CS 117, Winter 1997
Assignment 2: Words, due Wednesday 4/8/98
You may work with a partner for this assignment. No groups of
three or more, please.
When you are done with this assignment, please submit it using the
Homework Submission Program.
The problem
I often want to collect some statistics on my writing. If I'm writing
a proposal that has to be shorter than 2000 words, I will want
to count the number of words in each of my drafts. If I'm trying
to write software documentation at a sixth-grade reading level (tragically,
that's what the software experts usually recommend), I'll want to keep
an eye on the number of letters and syllables in my words, the number
of words in my sentences, and the number of sentences in my paragraphs.

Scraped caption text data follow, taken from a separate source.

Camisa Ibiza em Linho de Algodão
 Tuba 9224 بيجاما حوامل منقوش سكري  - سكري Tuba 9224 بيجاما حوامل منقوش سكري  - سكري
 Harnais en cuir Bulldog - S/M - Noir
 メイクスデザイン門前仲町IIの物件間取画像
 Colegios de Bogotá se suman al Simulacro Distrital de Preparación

Actually, I just like fooling around with this kind of thing. It pleases
me to know how many words there are in Middlemarch, or
how many times the word "whilst" appears in Hamlet (326398 and 4,
respectively, by the way).
For this assignment, you will write a program that takes a
text file as input and reports
- the number of words in the file,
- the average number of letters per word,
- the longest word and its length,
- the shortest word and its length,
- the number of occurrences of the words "the",
- and the word from the file that is alphabetically last
(for example, "zyzzyvas" would probably win if it were in your
file).
For now, we won't look at syllables, sentences, or paragraphs.
A little more detail
When you compile your
program (g++ -Wall -o words words.cpp or something
similar) and run it like so:
words < somefile.txt
your program should produce an easy-to-read report that looks something
like this:
Number of words: 1729
Average word length: 5.72 letters
Longest word: electroencephalography (22 letters)
Shortest word: a (1 letter)
Occurrences of "the": 62
Alphabetically latest word: zygomorphic
A small offering
You might be surprised to learn that the hardest part of writing this
program is reading one word at a time out of the input file.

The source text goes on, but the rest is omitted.